[PROBLEM REQUIREMENTS]
Scan the records below, and wherever a line has the word "with", pull it out.

[SUPPLIED DATA]
================
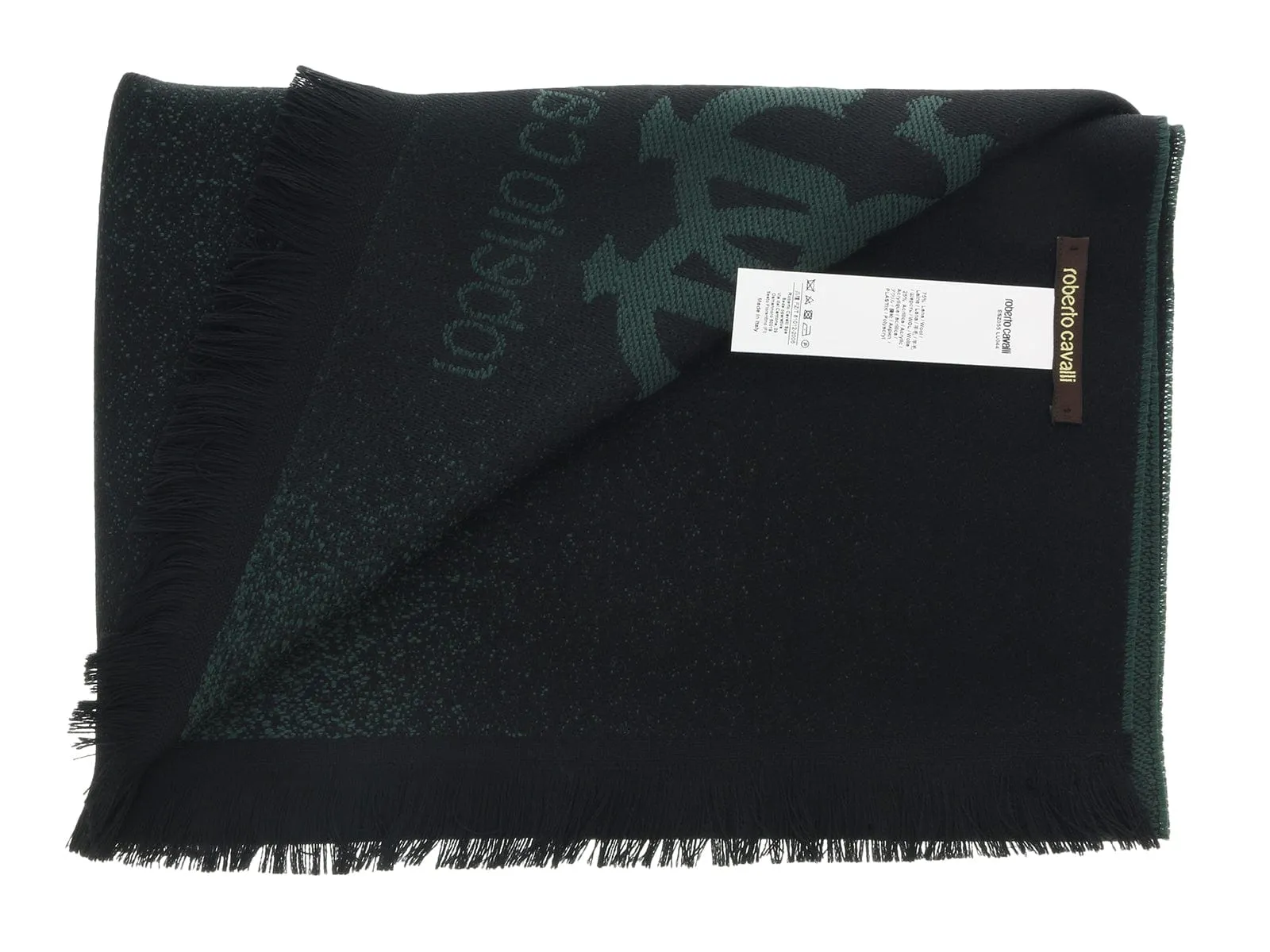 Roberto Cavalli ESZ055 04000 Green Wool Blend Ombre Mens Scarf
================
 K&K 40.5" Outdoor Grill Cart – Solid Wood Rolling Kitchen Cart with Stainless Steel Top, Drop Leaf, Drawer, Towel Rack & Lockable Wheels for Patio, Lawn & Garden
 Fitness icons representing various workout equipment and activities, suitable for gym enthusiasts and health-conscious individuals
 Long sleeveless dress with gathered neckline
================
[RESULT OF THE TASK]
 K&K 40.5" Outdoor Grill Cart – Solid Wood Rolling Kitchen Cart with Stainless Steel Top, Drop Leaf, Drawer, Towel Rack & Lockable Wheels for Patio, Lawn & Garden
 Long sleeveless dress with gathered neckline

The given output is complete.